Así, El Tesoro reduce a 100.000 millones de euros las necesidades de financiación neta para 2021.

El Tesoro Público revisó el pasado mes de mayo su programa anual de emisión de deuda para hacer frente a las necesidades adicionales de financiación derivadas de la respuesta a la COVID-19 en el plano sanitario, económico y social, según comunica el Ministerio de Asuntos Económicos y Transformación Digital.

Así, la rápida respuesta del Tesoro permitió financiar las necesidades adicionales derivadas de la respuesta sanitaria a la pandemia y, en concreto, del fondo COVID para que las comunidades autónomas pudiesen hacer frente a los mayores gastos en sanidad y educación.
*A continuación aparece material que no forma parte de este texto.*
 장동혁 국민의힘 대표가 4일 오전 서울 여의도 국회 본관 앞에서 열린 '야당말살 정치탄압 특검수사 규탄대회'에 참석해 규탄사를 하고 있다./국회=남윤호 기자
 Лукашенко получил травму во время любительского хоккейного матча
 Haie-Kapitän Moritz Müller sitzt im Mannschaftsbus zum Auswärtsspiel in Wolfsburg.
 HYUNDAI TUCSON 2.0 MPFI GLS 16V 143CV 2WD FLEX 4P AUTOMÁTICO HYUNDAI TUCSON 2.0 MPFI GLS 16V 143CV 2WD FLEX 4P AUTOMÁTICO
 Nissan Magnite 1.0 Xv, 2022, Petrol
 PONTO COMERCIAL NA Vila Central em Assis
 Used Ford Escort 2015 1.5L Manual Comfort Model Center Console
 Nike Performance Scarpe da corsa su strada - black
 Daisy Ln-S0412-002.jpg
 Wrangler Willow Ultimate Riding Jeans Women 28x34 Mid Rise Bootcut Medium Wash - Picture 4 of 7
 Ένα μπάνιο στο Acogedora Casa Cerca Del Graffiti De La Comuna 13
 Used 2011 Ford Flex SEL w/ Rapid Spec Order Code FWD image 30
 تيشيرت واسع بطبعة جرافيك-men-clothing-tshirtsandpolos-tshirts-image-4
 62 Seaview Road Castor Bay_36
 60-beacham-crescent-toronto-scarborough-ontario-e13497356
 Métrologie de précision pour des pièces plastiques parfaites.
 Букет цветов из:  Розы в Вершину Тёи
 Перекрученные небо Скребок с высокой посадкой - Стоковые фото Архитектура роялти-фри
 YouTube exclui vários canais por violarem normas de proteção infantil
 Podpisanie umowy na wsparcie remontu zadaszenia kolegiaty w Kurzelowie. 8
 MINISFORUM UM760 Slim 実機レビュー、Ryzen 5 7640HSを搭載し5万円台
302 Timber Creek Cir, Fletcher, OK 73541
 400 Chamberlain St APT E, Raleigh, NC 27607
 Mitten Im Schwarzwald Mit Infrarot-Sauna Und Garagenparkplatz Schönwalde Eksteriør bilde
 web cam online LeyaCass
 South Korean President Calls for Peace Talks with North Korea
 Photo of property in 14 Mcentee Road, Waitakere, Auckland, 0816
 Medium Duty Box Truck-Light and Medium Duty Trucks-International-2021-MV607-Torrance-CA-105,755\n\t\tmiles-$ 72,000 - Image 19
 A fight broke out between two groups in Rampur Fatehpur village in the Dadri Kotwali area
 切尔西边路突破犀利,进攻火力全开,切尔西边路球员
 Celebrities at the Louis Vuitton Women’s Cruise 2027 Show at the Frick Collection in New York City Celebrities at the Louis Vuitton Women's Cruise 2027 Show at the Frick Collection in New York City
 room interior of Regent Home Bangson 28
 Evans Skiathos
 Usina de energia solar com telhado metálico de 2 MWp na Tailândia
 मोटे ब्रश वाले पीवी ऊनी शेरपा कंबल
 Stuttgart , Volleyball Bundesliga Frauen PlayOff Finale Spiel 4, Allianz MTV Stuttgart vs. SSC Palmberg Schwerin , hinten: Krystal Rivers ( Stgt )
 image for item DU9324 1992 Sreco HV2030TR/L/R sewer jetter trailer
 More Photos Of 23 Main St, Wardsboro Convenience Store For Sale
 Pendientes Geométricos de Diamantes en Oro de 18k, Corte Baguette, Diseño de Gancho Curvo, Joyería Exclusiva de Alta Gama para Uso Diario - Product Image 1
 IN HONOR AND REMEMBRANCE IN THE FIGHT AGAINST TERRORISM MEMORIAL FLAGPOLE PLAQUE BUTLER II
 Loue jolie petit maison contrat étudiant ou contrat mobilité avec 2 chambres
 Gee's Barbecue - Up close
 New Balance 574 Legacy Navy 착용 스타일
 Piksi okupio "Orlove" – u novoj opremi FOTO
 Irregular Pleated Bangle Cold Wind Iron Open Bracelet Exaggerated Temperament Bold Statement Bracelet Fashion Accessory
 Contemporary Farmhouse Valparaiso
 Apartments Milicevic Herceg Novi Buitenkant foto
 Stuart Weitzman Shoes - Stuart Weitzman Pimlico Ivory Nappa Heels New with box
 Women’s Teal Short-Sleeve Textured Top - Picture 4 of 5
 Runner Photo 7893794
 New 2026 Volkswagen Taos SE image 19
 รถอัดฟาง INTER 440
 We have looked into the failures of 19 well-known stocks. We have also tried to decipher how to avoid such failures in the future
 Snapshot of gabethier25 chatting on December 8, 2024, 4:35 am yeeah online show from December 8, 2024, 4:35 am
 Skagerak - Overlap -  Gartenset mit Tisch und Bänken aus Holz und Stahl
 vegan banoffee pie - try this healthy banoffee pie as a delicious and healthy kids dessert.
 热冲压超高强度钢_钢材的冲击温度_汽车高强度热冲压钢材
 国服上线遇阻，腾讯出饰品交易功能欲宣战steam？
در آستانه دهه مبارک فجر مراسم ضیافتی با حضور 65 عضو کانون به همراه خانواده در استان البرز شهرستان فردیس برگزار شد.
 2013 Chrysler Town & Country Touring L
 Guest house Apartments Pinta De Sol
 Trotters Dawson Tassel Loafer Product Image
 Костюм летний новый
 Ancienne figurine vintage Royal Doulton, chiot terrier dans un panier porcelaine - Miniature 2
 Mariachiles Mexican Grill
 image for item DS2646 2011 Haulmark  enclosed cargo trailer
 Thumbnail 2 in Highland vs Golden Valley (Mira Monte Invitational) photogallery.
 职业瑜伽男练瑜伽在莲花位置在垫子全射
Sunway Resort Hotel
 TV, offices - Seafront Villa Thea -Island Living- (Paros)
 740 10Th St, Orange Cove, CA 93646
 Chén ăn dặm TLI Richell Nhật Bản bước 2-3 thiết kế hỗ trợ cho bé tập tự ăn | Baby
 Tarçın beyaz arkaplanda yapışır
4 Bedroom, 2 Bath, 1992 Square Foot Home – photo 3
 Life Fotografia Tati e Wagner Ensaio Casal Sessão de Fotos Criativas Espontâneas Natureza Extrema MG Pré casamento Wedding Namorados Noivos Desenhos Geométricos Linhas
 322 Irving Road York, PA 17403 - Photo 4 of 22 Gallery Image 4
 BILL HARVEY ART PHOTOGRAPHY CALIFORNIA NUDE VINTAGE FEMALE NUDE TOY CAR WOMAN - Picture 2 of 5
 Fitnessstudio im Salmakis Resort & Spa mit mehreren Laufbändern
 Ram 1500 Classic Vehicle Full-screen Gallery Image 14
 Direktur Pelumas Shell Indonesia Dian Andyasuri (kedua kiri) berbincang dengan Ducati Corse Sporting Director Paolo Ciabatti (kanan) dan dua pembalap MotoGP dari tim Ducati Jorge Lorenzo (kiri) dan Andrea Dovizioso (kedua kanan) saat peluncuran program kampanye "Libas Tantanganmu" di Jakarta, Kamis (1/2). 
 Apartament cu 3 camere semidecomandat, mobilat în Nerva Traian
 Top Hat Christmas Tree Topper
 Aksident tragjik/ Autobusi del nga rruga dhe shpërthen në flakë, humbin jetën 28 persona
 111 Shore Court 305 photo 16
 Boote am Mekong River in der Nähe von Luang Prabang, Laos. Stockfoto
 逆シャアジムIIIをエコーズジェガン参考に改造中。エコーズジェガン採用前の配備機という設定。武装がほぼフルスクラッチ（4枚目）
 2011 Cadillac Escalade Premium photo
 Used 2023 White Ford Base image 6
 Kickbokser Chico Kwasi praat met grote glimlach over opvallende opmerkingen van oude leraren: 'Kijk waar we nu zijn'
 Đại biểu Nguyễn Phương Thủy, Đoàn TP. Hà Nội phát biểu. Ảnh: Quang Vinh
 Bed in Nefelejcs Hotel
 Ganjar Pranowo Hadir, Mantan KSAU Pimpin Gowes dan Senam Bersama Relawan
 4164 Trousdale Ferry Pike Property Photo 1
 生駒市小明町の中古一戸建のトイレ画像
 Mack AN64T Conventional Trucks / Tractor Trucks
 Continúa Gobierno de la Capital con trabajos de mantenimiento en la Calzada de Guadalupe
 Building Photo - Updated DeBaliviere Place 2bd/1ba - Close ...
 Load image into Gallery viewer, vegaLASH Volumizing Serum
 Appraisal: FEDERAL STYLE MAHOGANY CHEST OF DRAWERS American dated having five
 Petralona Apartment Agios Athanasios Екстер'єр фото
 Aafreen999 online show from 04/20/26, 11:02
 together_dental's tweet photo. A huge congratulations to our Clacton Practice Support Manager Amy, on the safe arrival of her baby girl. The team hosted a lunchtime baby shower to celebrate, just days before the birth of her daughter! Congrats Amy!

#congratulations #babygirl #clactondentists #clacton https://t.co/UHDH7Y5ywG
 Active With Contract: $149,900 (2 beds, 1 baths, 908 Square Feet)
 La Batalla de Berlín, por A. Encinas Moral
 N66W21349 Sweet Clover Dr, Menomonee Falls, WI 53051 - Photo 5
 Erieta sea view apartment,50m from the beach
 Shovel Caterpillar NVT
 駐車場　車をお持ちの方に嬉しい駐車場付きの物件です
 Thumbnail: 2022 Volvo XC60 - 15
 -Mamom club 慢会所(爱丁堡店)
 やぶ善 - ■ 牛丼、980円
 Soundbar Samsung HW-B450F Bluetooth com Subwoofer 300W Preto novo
También financiar el gasto en prestaciones para trabajadores cubiertos por los Expedientes de Regulación Temporal de Empleo y autónomos y bajas laborales. Y compensar la caída de ingresos tributarios y cotizaciones a la seguridad social derivada de las diferentes bonificaciones y moratorias, así como de la caída de la actividad económica para poder mantener los servicios públicos en un contexto de elevadas necesidades.

Emisión bruta

Para gestionar de manera eficiente el incremento de las necesidades de financiación, el Tesoro aumentó el tamaño de las subastas y flexibilizó las condiciones para participar en la segunda vuelta. También se recurrió en mayor medida al procedimiento de sindicación bancaria, habiendo emitido un volumen nominal de 51.662 millones de euros a través de cinco emisiones.

Durante todo el año, a pesar del incremento de las necesidades de financiación, se ha mantenido la confianza de los inversores en la economía española, lo que se tradujo en una demanda récord de algunas de las sindicaciones. A esta elevada demanda también ha contribuido el mantenimiento de la calificación crediticia por parte de las agencias de rating, que valoraron positivamente la respuesta a la crisis y la mayor resiliencia de la economía española. También ha permanecido relativamente estable la participación de inversores extranjeros, que se sitúa en el 45%.

Asimismo, continuaron reduciéndose los costes de financiación del Tesoro, que registraron nuevos mínimos históricos. El coste medio de las nuevas emisiones en 2020 se situó en el 0,18%, lo que supone una disminución de 46 puntos básicos sobre la de 2018 y cinco menos que en 2019. El coste medio de la deuda en circulación se ha reducido hasta el 1,86%, 33 puntos básicos menos que el coste de 2019.